I corsi e ricorsi storici di Giambattista Vico
Giambattista Vico è il primo ad offrire una visione compiuta dell’evoluzione storica e del progresso che si realizza in essa. Convinto che la storia umana sia guidata da una Provvidenza che la orienta verso il meglio, Vico ipotizza che ogni civiltà e ogni società debba necessariamente attraversare tre epoche o età, nelle quali gli uomini usano facoltà conoscitive diverse:
- l’età degli dei, dove i bestioni (non ancora uomini veri e propri) sono in balia delle sensazioni;
- l’età degli eroi, dove gli uomini danno un senso alla realtà attraverso miti e favole;
- l’età degli uomini dove si realizza un uso diffuso della ragione e i fenomeni sono spiegati con leggi scientifiche.
Tale progresso verso il meglio è, per Vico, un percorso necessario ma cosa succede quando si arriva in fondo e un popolo raggiunge la sua maturità? Si può cadere in un ricorso storico dal momento che l’uso diffuso della ragione comporta uno spirito critico che si esercita sui miti, sui valori, sulle credenze e sulle tradizioni; la ragione diventa una forza disgregatrice che mette in crisi tutti gli elementi che contribuiscono alla coesione di una società.

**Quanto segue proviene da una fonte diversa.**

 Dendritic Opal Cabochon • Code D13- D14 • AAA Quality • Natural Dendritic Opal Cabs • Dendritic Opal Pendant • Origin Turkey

D’altra parte, poi, il progresso porta con sé la soddisfazione dei bisogni, la comodità e, infine il lusso; una società, allora, vive uno stato di decadenza e di disordine che può riportare alla barbarie. Sono tre le fattispecie che possono configurarsi:
- può emergere un singolo particolarmente carismatico che dà nuovamente vita a un regime monarchico o dittatoriale;
- il popolo decadente potrebbe essere fagocitato da un’altra nazione più forte e più ordinata;
- la società in crisi potrebbe “rinselvatichirsi”, perché vittima di un abbrutimento dei costumi e di un ritorno a una situazione caotica: questa barbarie, nuova e seconda, è peggiore della prima (ossia della fase degli dei) perché dispone di conoscenze scientifiche e ritrovati tecnici, è quindi più pericolosa e meno orientata al progresso.
Benedetto Croce e i ricorsi dello Spirito
Lettore attento di Giambattista Vico, Benedetto Croce recupera la teoria dei corsi e ricorsi storici in modo originale. Egli ritiene che tutta l’attività spirituale umana, indagata dalla filosofia, possa essere orientata alla conoscenza o all’azione e che essa si esplichi in quattro differenti gradi, ossia:
- l’arte (la conoscenza intuitiva del particolare),
- la logica o filosofia (conoscenza discorsiva dell’universale),
- l’economia (la volontà di perseguire l’interesse particolare),
- l’etica (perseguimento dell’interesse generale o universale).
Croce afferma, a tal proposito, un nesso dei distinti: seppur distinguibili e diversi, i quattro gradi sono, allo stesso tempo, interconnessi e correlati. Nella vita dello Spirito, della creatività e dell’esperienza umana, questi quattro gradi si susseguono, quindi, in una circolarità dove ritornano incessantemente. L’arte, ad esempio, fornisce alla filosofia il linguaggio per esprimere le proprie teorie; l’azione, sia essa volta all’interesse particolare o generale, fornisce temi e problemi nuovi su cui la conoscenza può concentrarsi, e così via. Questa circolarità, nella quale ogni grado dello Spirito può essere, indifferentemente, inizio o fine, delinea una storia universale eterna fatta, appunto, di corsi e ricorsi storici, lo Spirito ha così un andamento simile a quello di una spirale: con i suoi quattro gradi ritorna sempre su sé stesso, avanzando ma anche arricchendosi e approfondendosi sempre di più.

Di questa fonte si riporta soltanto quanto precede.